Mittwoch, 24. April 2024

Archiv


"Ob alles in Ordnung ist, muss sich erst zeigen"

Der Online-Service Google Street View soll noch in diesem Jahr in Deutschland starten. Nicht nur der Bundesdatenschutzbeauftragte Peter Schaar ist skeptisch, ob Google seine Ankündigung einhält, eine Balance zwischen Privatsphäre und Unternehmensinteressen zu wahren. Unterdessen sieht Google-Pressesprecherin Lena Wagner sich durch das große Nutzer-Interesse bestärkt.

Lena Wagner und Peter Schaar im Gespräch mit Silvia Engels | 11.08.2010
    Engels: Street View heißt das Programm, das im Herbst auch für deutsche Straßen auf den Markt kommen soll. Es ermöglicht dem Nutzer im Internet, detailliert die Fassaden von Straßenzügen, das Straßenleben und einzelne Häuser bis hin zum Blick in den Vorgarten anzuschauen. Autos und zufällig fotografierte Personen werden im Netz durch Verpixelung unkenntlich gemacht und die Befürworter versprechen sich von dem Service Werbevorteile für Restaurants oder Hotel und bessere Informationen für Immobilieninteressenten. Gegner warnen vor Verletzung der Privatsphäre und Datenschutzproblemen. Am Telefon ist Lena Wagner. Sie ist die Pressesprecherin von Google in Deutschland, also dem Konzern, der Street View anbieten will. Guten Morgen, Frau Wagner.

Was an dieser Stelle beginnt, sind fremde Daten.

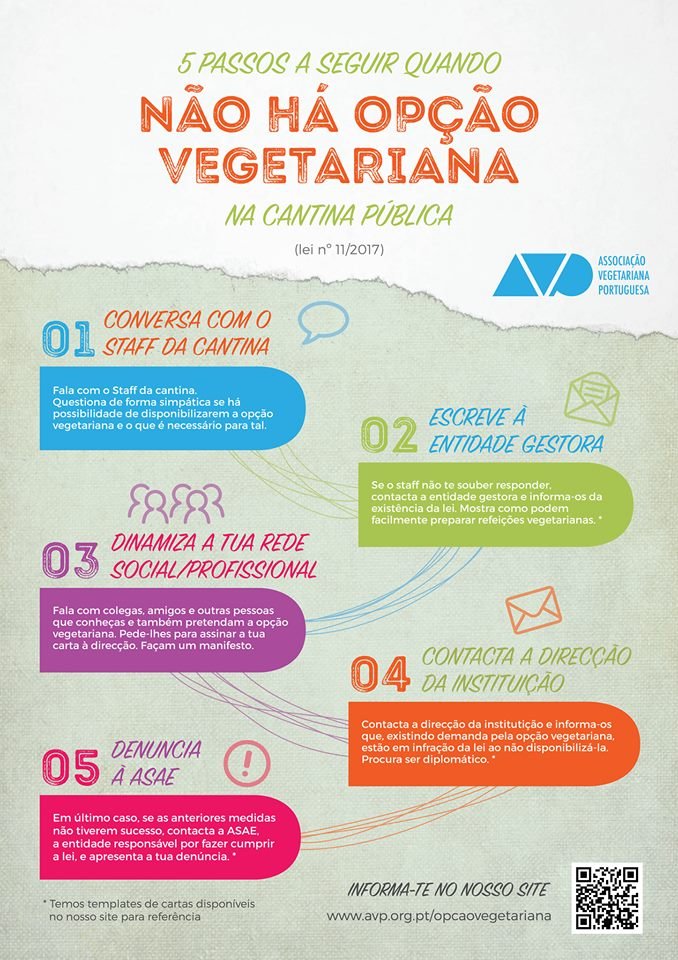 AVP - Opção Vegetariana nas Instituições Públicas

    Lena Wagner: Schönen guten Morgen!

    Engels: Der Eigentümerverband Haus und Grund rät, der Veröffentlichung der Immobilie bei Google zu widersprechen. Viele andere halten das Vorgehen von Google, in diesem Jahr schon zu starten, für voreilig. Sind Sie enttäuscht über die Reaktion?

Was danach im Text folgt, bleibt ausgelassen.